Shares in Telstra Corp Ltd [ASX:TLS] have nosedived 8.08% in market trade today. The cause? The company has cut dividends, in the hope of salvaging its financial future.
Why did they do it?
Telstra has now stated it expects to pay $0.22 in dividends over the next financial year. Which will be down 9 cents from last year’s payout — a 29% cut. The market didn’t take the news kindly.
Telstra is trying to sweeten the sour deal, though. CEO of Telstra, Andy Penn, states,
‘In addition to the ordinary dividend, we intend to return in the order of 75 per cent of net one-off NBN receipts to shareholders over time via full-franked special dividends.
‘We believe this is appropriate given one-off income is akin to compensation for an asset sale over a number of years and aligns with market feedback and expectations that these receipts are returned to shareholders.’
It’s all part of the company’s plan for the future. Because Telstra need to plug their $3 billion money sink, the NBN.
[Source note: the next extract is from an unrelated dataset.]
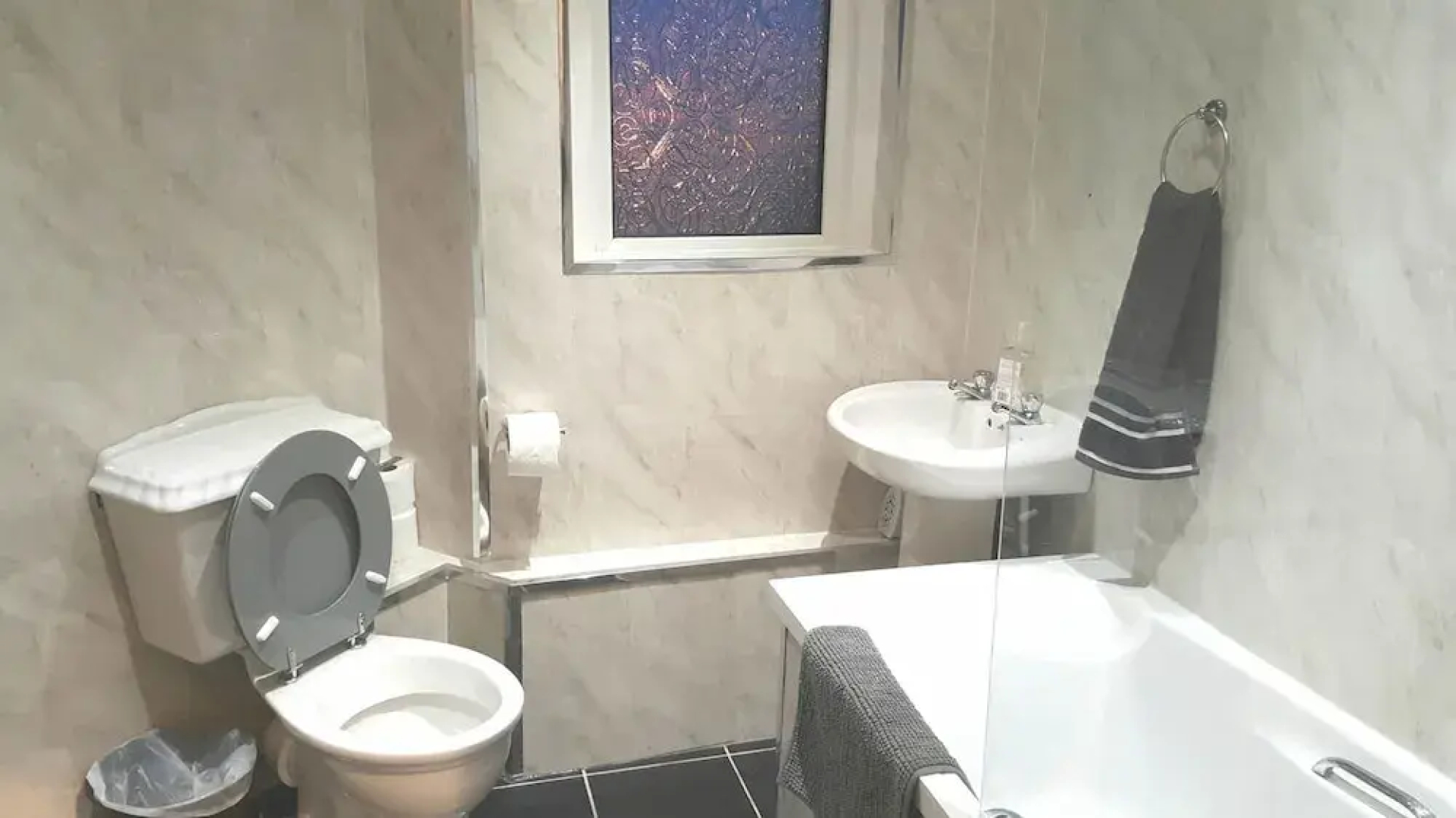 Dragon - Queen Vic House 2 Bedroom Home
The company also recorded a 32.7% drop in profits. Leaving it scrambling to ensure it will have a future post-NBN.
Where to from here?
Today is certainly a black mark for the company. But, it could also be a turning point.
Telstra has made a tough choice, causing short term pain in order to give their long term prospects a fighting chance.
The company is now on a clock, as the NBN rollout will finish in 2020. They have set themselves the lofty target of returning to profit in 2021. It’s going to take a lot of finesse, but Telstra appear confident.
It’s looks as though investors may be in for a bumpy ride in the interim, though.